Un décret n’a jamais soulagé une facture, mais il peut geler la mécanique bien huilée du recouvrement. Le 20 janvier 2021, le ministre du Travail, de l’Emploi et de la Solidarité sociale a posé ses mots sur la table : le moratoire sur les activités de recouvrement du Ministère est prolongé jusqu’au 31 mars. L’annonce, sobre, mais lourde de conséquences pour des milliers de personnes sous le radar de l’aide sociale.

Sommaire
Informations en date du 20 janvier 2021, communication officielle du ministre du Travail, de l’Emploi et de la Solidarité socialeAttention : les informations qui suivent ne sont plus à jour. Pour toute démarche, il faut vérifier auprès du ministère du Travail, de l’Emploi et de la Solidarité sociale. Nous les maintenons ici à titre de référence.1) Il est désormais possible de remplir une demande d’aide financière de dernier recours en ligne.2) Le Front commun des personnes bénéficiaires de l’aide sociale du Québec propose plusieurs capsules informatives sur l’aide de dernier recours en temps de crise. Par exemple, l’autocollant relatif à la Prestation canadienne d’intervention d’urgence ci-dessous. Le regroupement avance sept propositions concrètes pour améliorer le quotidien des personnes à l’aide sociale.3) Le Collectif a transmis au ministère une série de questions recueillies auprès du public depuis le début de la crise COVID-19. Voici les réponses obtenues.Quelles mesures le ministère prévoit-il pour soutenir financièrement les ménages et personnes à faible revenu, par exemple via le crédit d’impôt pour solidarité ou autrement ?Pour ceux qui déposent une demande d’AFDR ces jours-ci, faut-il se rendre au centre d’emploi local ? Existe-t-il des solutions pour les personnes sans accès à Internet ou au téléphone pour déposer une demande AFDR ?Le délai de traitement d’une demande est-il accéléré dans le contexte actuel ?Les nouvelles personnes à l’aide sociale doivent-elles toujours intégrer le programme Job Link ?Le programme Aim for Employment est-il suspendu pendant la crise sanitaire ? Les participants continuent-ils de toucher la prime associée ?Les personnes à l’aide sociale sont-elles admissibles à la Prestation canadienne d’intervention d’urgence (PCU) ?Les bénéficiaires de l’aide sociale ayant gagné 5 000$ ou plus en revenus de travail l’an passé peuvent-ils toucher la PCU ?Le ministère prévoit-il d’assouplir la limite des dons autorisés ?Le ministère va-t-il suspendre le remboursement des dettes envers l’AFDR ?

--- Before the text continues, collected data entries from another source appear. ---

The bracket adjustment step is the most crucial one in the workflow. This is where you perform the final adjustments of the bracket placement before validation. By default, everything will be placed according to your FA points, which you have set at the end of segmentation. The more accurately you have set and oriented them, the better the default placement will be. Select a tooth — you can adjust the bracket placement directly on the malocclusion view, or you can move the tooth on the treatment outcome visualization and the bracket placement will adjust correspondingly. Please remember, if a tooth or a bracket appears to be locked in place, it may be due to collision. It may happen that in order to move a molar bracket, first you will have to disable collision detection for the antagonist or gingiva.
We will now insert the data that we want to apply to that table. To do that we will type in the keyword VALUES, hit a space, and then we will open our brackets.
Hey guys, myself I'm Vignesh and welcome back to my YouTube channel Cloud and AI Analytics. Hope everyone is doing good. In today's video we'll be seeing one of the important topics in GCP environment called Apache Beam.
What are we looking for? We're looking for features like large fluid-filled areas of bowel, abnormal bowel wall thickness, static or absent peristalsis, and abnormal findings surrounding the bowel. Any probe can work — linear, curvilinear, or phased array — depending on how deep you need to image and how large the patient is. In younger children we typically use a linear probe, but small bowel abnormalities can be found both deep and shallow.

Informations en date du 20 janvier 2021, communication officielle du ministre du Travail, de l’Emploi et de la Solidarité sociale

« Afin de soutenir les demandeurs qui vivent des situations particulièrement difficiles en raison de la pandémie actuelle, nous prolongerons le moratoire sur les activités de recouvrement du Ministère jusqu’au 31 mars. »

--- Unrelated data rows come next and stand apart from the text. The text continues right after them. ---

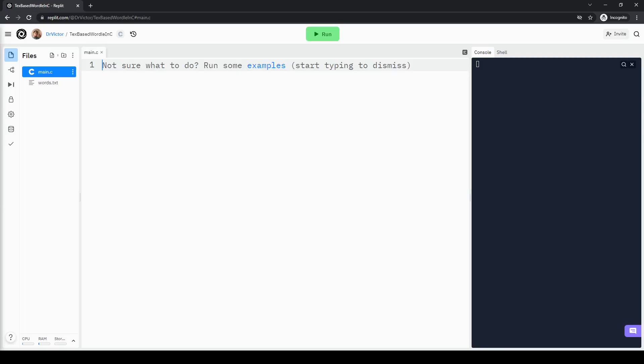Hello and welcome, this is Dr. Victor. In this video, I am going to teach you how to write a text-based version of the famous Wordle game in C under 20 minutes. You will also learn some basic coding constructs that are crucial to create an interactive program in C. Let's begin.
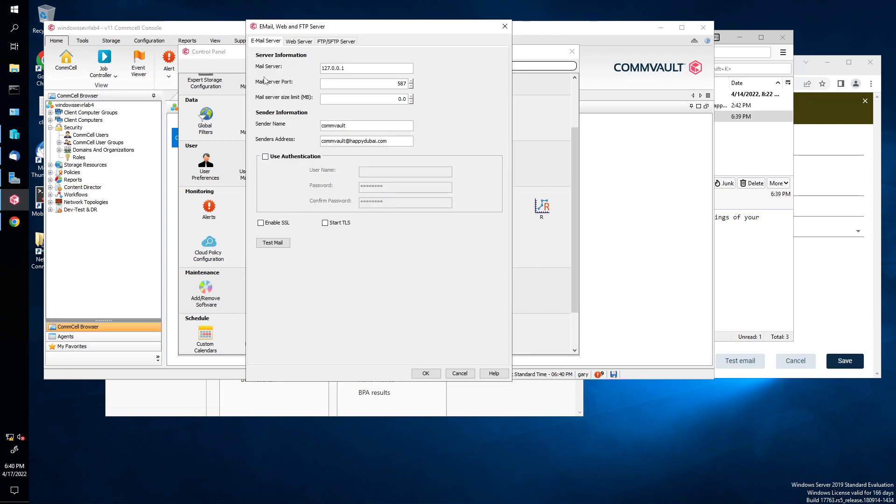Same thing here. Mail server, your IP address of your mail server. For the port number, I guess the mail server size limit, you can zero for unlimited. Sender's name, and then the sender's email address. Do an authentication you can, if you like. And then click on test mail.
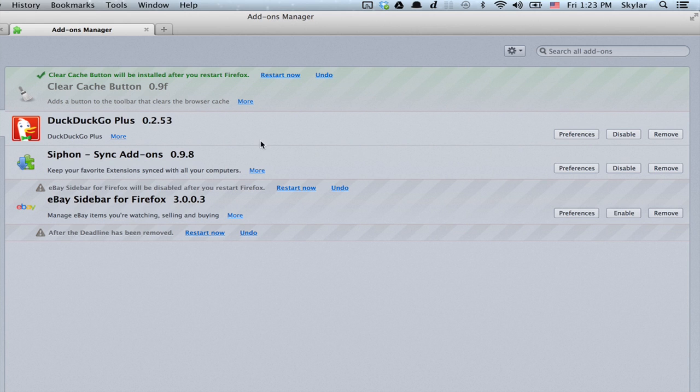If you see one that looks a little suspicious or you don't remember installing, click Remove.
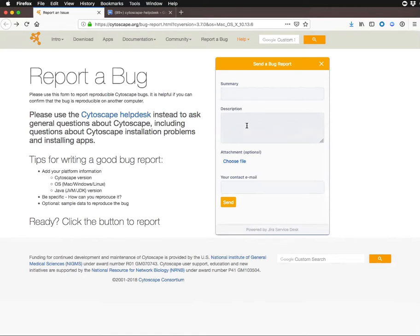For both Help Desk and bugs, it's very helpful to include information about what you're trying to do, the steps you've taken, and what you see. You can also include screenshot attachments in both of these.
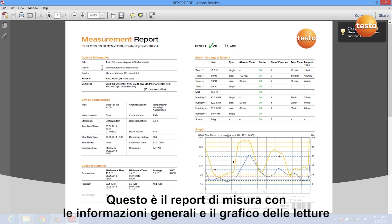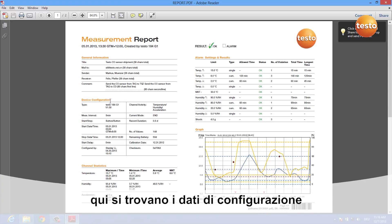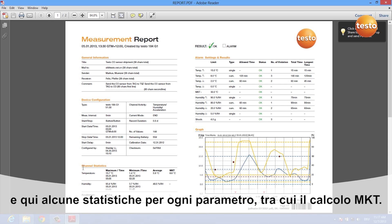Here you see the complete measurement report of your data logger and you get some general information about the device, you get information about the device's configuration and you get some statistics for each channel including MKT calculation.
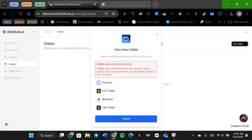Then you're going to connect — it's basically connecting your web3 Solana wallet. If you have a different wallet it's going to pop up. Let's read the instructions: it says a wallet can only be bound once. So you can connect your wallet to just one account. If you have multiple Distribute AI accounts, use different wallets for them — don't use the same wallet across accounts because they are going to archive it and probably disqualify you.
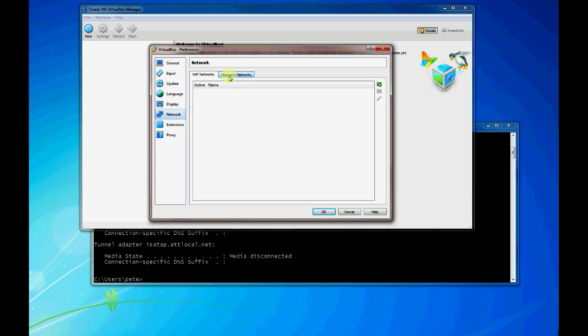Basically what these two tabs allow you to do is configure networks that you can actually connect your virtual machines to whenever you configure them. I like to think of them as a virtual switch or a virtual router that your virtual hosts can actually connect to.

« Les allocations pour contraintes d’emploi temporaires et graves seront automatiquement prolongées jusqu’au 31 mars 2021 pour les clients de l’aide sociale. »

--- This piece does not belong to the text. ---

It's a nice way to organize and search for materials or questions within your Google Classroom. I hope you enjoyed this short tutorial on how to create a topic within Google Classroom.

« Pour reconnaître la solidarité familiale et l’entraide, l’exclusion relative aux revenus reçus sous forme de dons monétaires excédant 100$ par mois sera prolongée jusqu’au 31 mars 2021. Même logique pour les différentes flexibilités administratives prévues pour simplifier les démarches des prestataires. »

« Pour ne pas pénaliser les bénéficiaires de l’aide sociale en pleine crise, ceux qui ont profité des programmes d’urgence fédéraux garderont leur carnet de réclamations, même si leur prestation tombe à 0$. »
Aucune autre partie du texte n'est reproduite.